- Required action
Reproduce word for word the line holding "Tefsir Usülünün Temel Meseleleri" and all lines after it in the data, through the end, leaving out pictures.

[Dataset records]
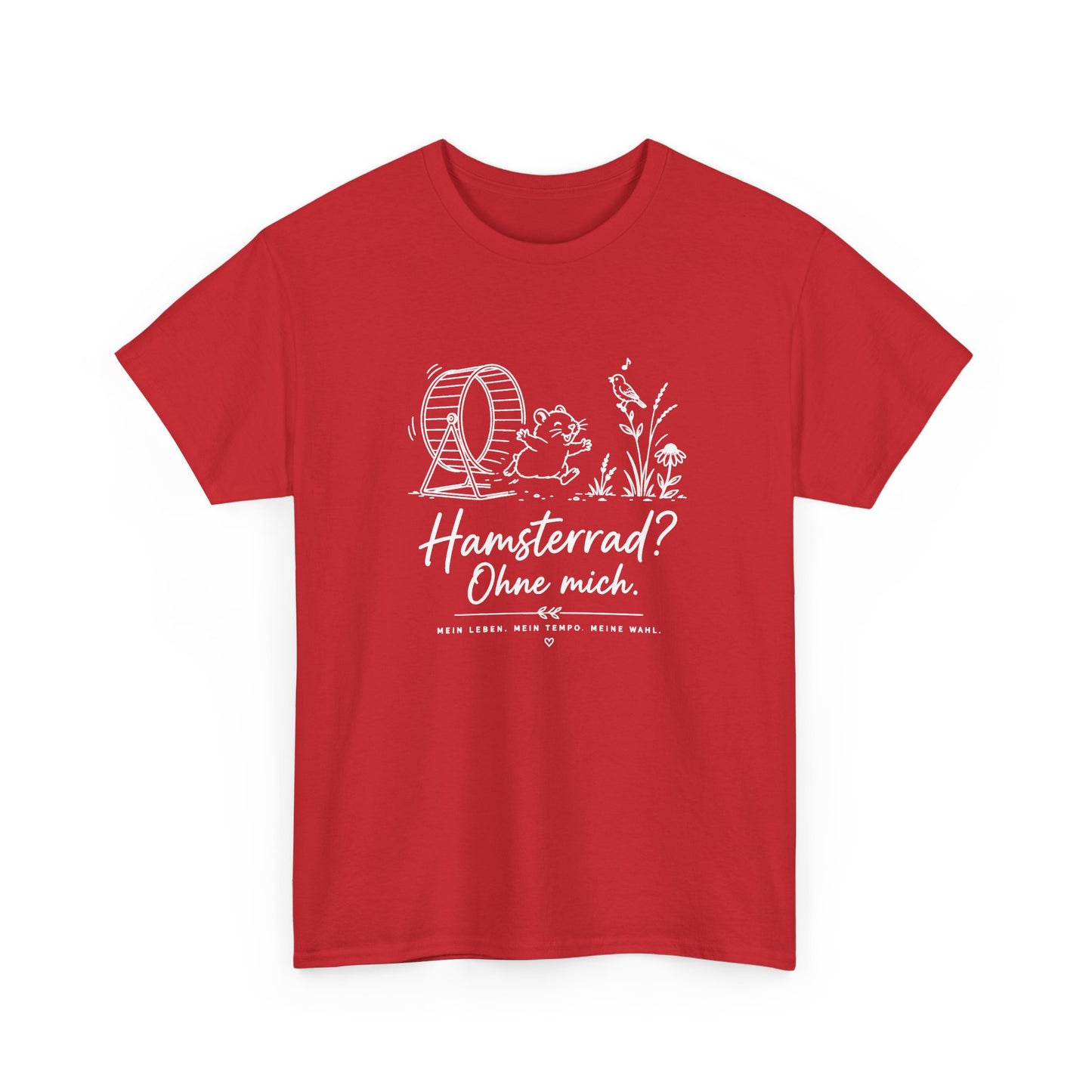 Hamster? Ohne Mich T-Shirt — German Humorous Pet Tee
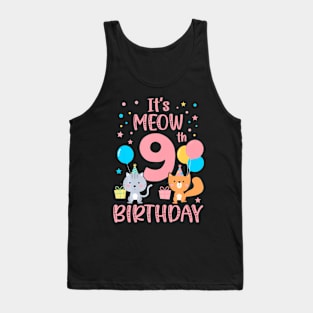 Its Meow 9Th Birthday 9 Years Birthday Tank Top
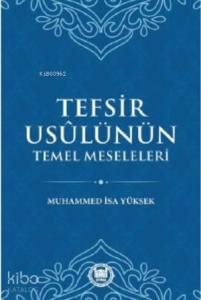 Tefsir Usülünün Temel Meseleleri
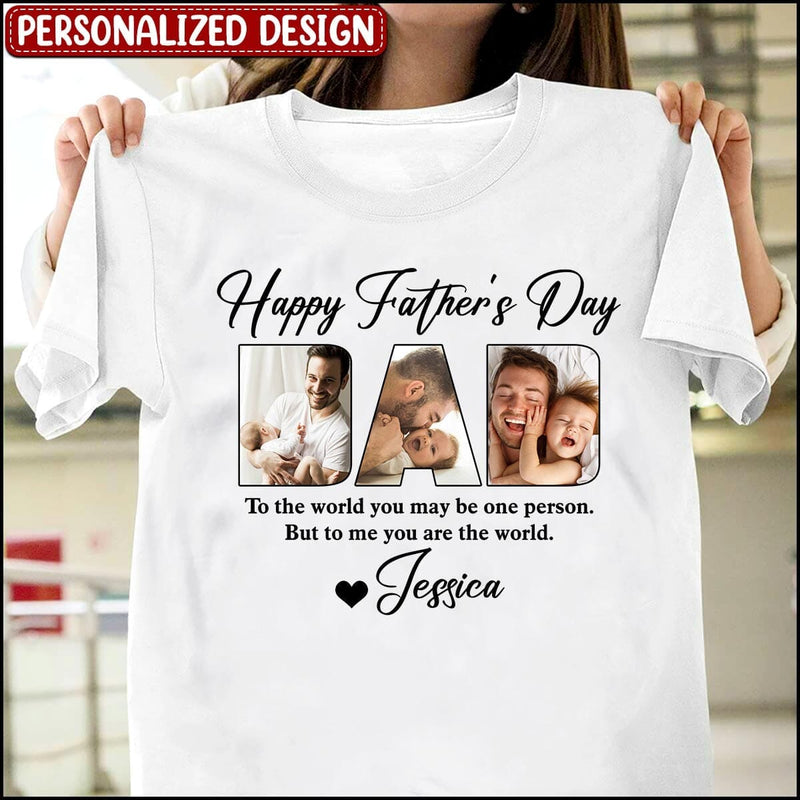 Discover Custom Upload Photo Gift For Dad, Happy Father's Day To My World Personalized T-Shirt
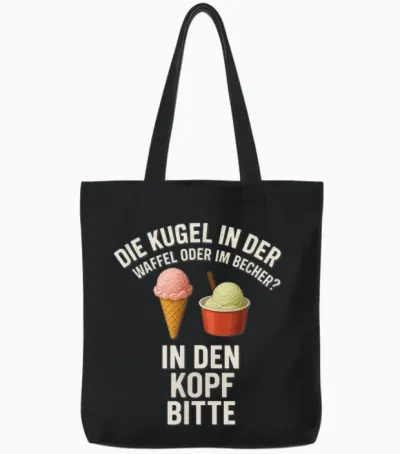 Kugel in Der Waffel Oder Im Becher? in Den Kopf Bitte Tote Bags - Black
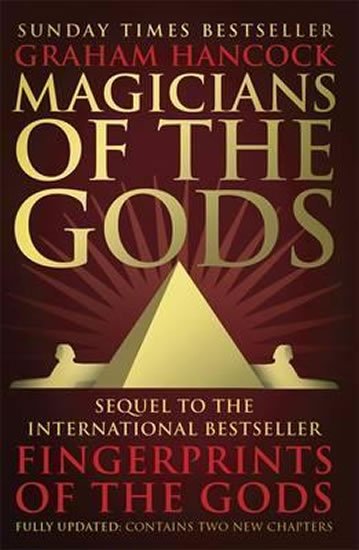 Hancock Graham: Magicians of the Gods
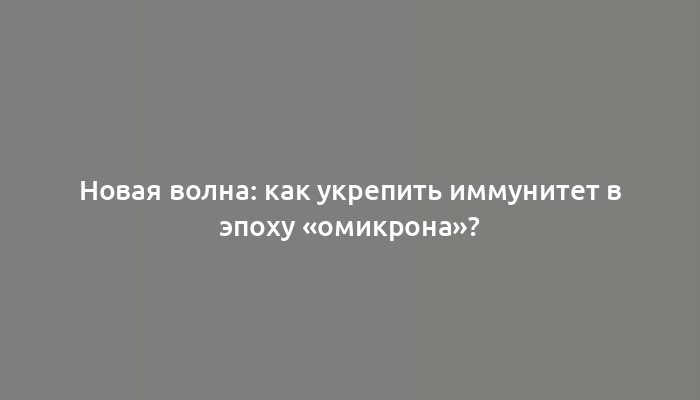 Новая волна: как укрепить иммунитет в эпоху «омикрона»?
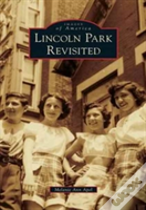 Lincoln Park Revisited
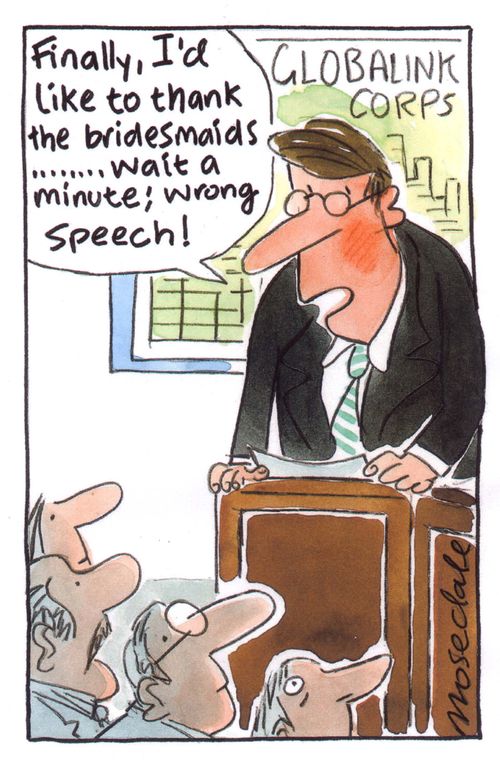 'Finally, I'd like to thank the bridesmaids...wait a minute: wrong speech!'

- Response
 Tefsir Usülünün Temel Meseleleri
 Discover Custom Upload Photo Gift For Dad, Happy Father's Day To My World Personalized T-Shirt
 Kugel in Der Waffel Oder Im Becher? in Den Kopf Bitte Tote Bags - Black
 Hancock Graham: Magicians of the Gods
 Новая волна: как укрепить иммунитет в эпоху «омикрона»?
 Lincoln Park Revisited
 'Finally, I'd like to thank the bridesmaids...wait a minute: wrong speech!'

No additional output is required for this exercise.